### The data
════════════════════

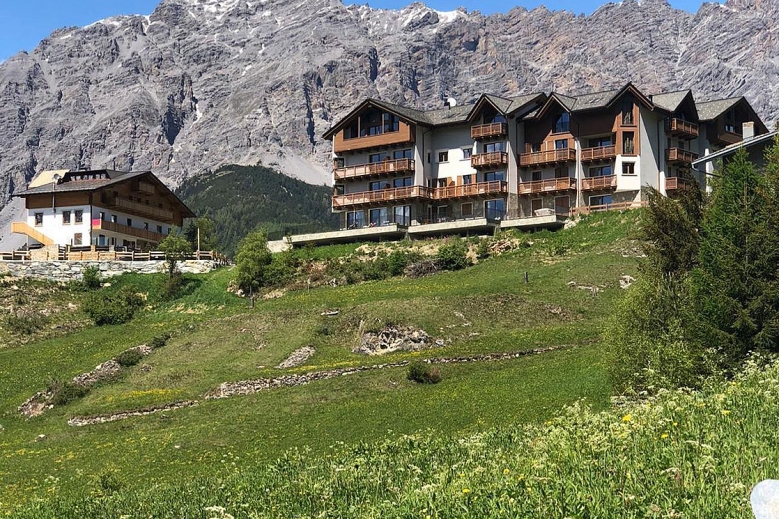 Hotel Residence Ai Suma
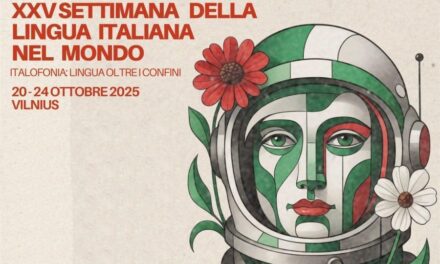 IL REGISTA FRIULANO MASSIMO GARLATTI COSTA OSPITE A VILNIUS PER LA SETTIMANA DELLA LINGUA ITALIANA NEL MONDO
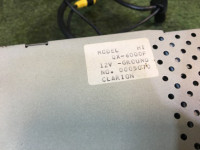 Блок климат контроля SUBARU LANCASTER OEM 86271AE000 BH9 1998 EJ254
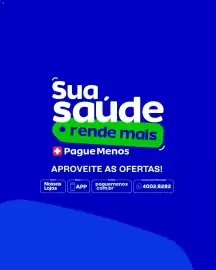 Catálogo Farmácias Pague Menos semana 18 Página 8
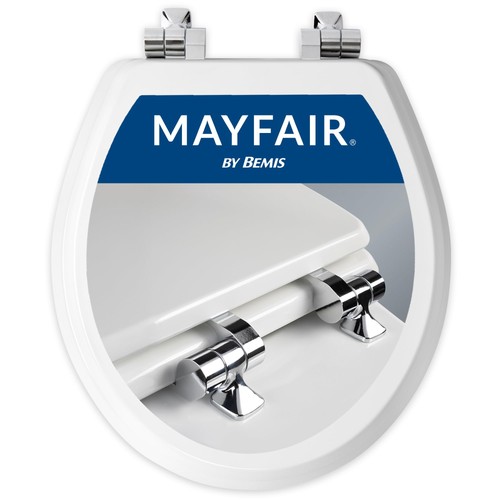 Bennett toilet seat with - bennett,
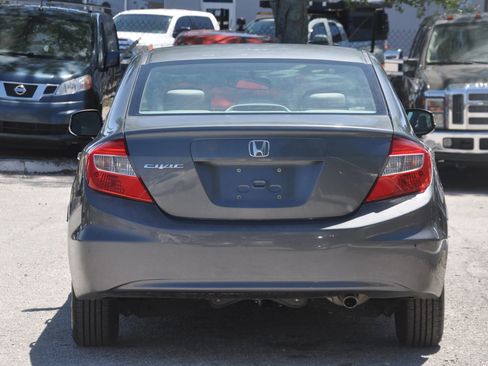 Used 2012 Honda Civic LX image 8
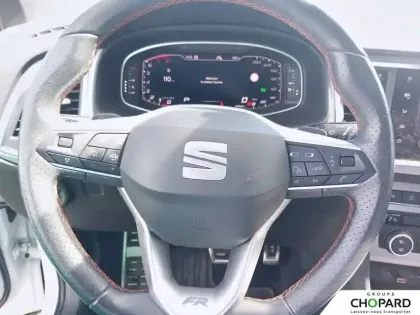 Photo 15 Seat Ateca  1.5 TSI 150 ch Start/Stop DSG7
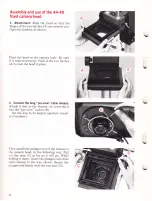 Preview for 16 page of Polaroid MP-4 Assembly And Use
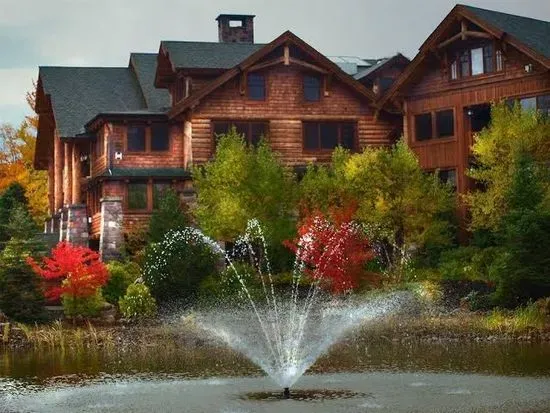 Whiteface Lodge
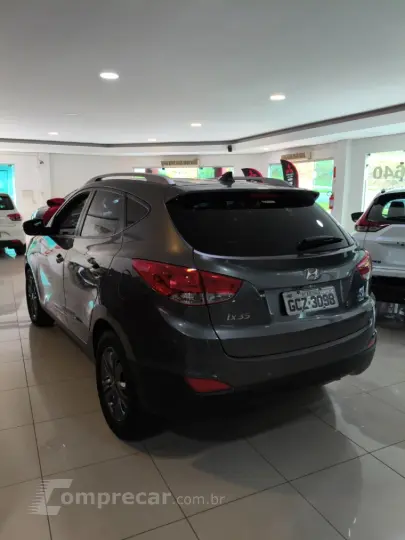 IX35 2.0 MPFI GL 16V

════════════════════

### What is being asked
Please output each line above exactly and omit all images.

### Answer
 Hotel Residence Ai Suma
 IL REGISTA FRIULANO MASSIMO GARLATTI COSTA OSPITE A VILNIUS PER LA SETTIMANA DELLA LINGUA ITALIANA NEL MONDO
 Блок климат контроля SUBARU LANCASTER OEM 86271AE000 BH9 1998 EJ254
 Catálogo Farmácias Pague Menos semana 18 Página 8
 Bennett toilet seat with - bennett,
 Used 2012 Honda Civic LX image 8
 Photo 15 Seat Ateca  1.5 TSI 150 ch Start/Stop DSG7
 Preview for 16 page of Polaroid MP-4 Assembly And Use
 Whiteface Lodge
 IX35 2.0 MPFI GL 16V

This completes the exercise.